AbruptWorm50 - does the issue still occur, or did you manage to resolve it?
Looking at the 2nd image you sent, I see that in addition to "services" queue, you also have queues called "training" and "training*_2" - and the experiments you circled is in the "training" queue. In that image - there are no experiments in the services queue.
If you press on the "services" queue (like you did in the first image) you can view the experiments in the queue and the workers. Can you check if there is a situation where there are tasks pending in that queue while one of the workers is idle?
CumbersomeCormorant74 As you can see in the attached - there were 2 experiments at the same time, but only one agent pulled the task, even though the second agent was free and listening to the queue.
AbruptWorm50 - the agent poll the queue, so any free agent can pull tasks. From the graph on the right, it looks like experiments were not waiting in the queue (max experiments is 1, and it was immediately pulled). Can you also check what happens if two experiments are enqueued at the same time?
I will elaborate on the situation:
I have 2 agents - training and training_2. They are both listening to the services queue, but only 'training' pulls the tasks. At the beginning I had 2 tasks in the services queue. Then, agent 'training' pulled one and is currently executing it, but for some reason - it also pulled the 2nd task into it's queue, that is although this agent is not free and I have another agent which is: 'training_2'.

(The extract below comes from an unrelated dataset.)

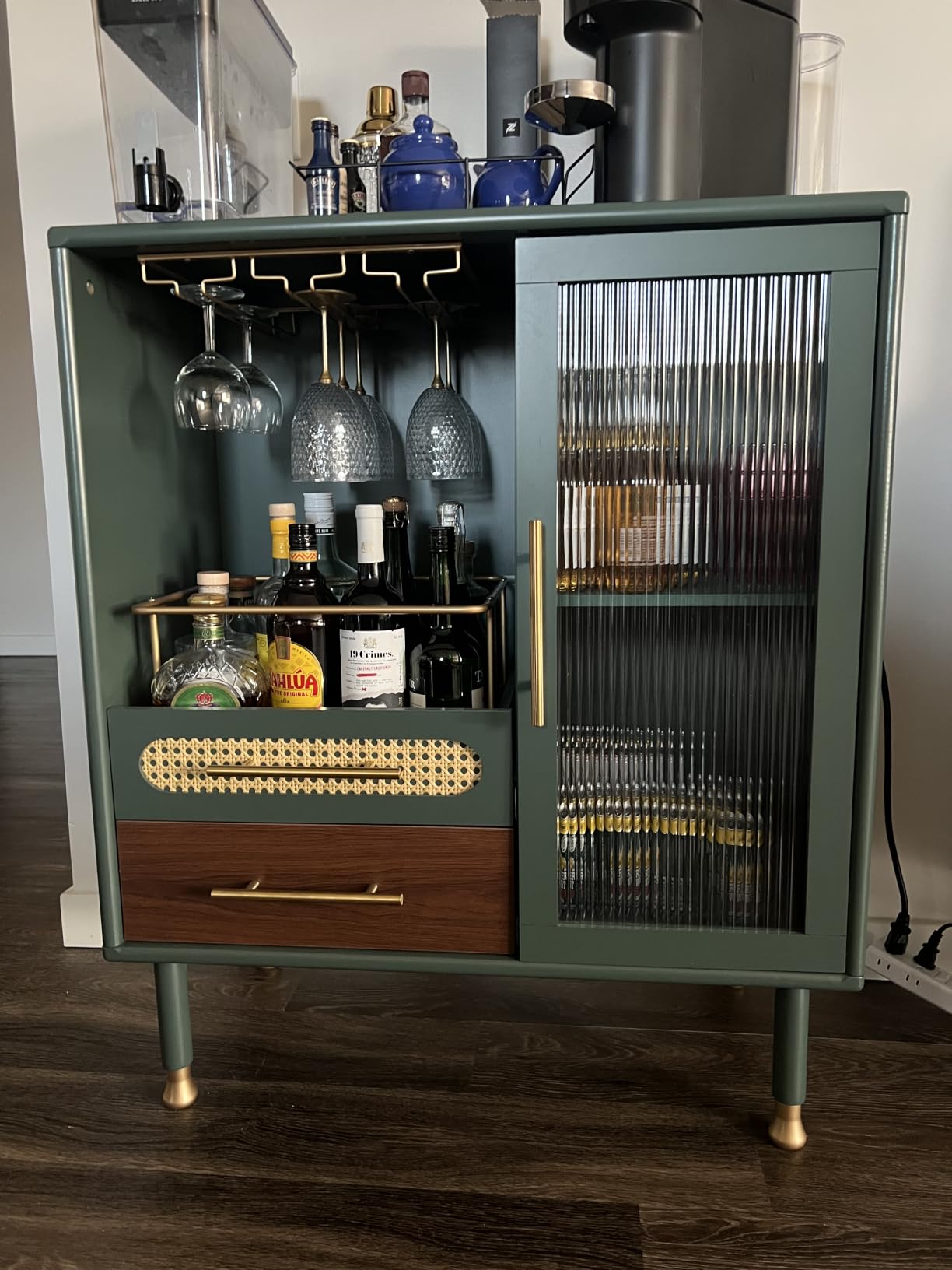 ARTPOWER Modern Coffee Bar Cabinet with Pull-Out Wine Storage, Black | Bar Cart with Wine Glass Rack and Drawers, Liquor Cabinet for Kitchen, Dining Room, Living Room customer photo 1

AbruptWorm50 - just to make sure there is no misunderstanding - the last image you sent is on the "training" queue and not on the "services" queue. Are there free agents running on that queue?

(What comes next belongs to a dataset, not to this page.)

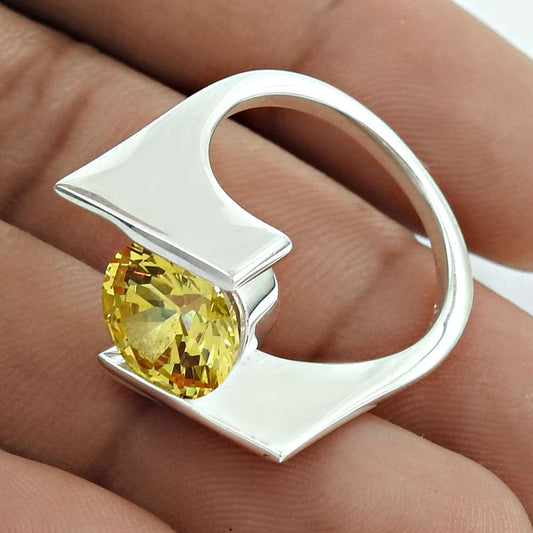 Natural Cubic Zirconia Gemstone Christmas Gift Ring Size 8 925 Silver O14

Can you check if there is a situation where there are tasks pending in that queue while one of the workers is idle?
In what queue ? In services there are no pending tasks because they were all pulled by 'training'.
just to maker sure, how do you start the agents? Are you using the
--services-mode
option?
I used clearml-agent daemon --detached --services-mode --queue services --docker ubuntu:18.04 --cpu-only
Wait, so you have two agents:
one running in normal mode and monitoring the training
queue another running in the services mode, monitoring the services
queue?
We have been trying to resolve the issue. I will comment here again if any more problems arise. Thanks!
AbruptWorm50 just to maker sure, how do you start the agents? Are you using the --services-mode
option?
Hi AbruptWorm50 ,
Should be working - this is basically only up to the agents... Can you perhaps share the agents' logs?
Just to clarify again - when I start the agents I run :clearml-agent daemon --detached --queue training
and then: clearml-agent daemon --detached --services-mode --queue services --docker ubuntu:18.04 --cpu-only
This is why there are 'training' and 'training_2' queues.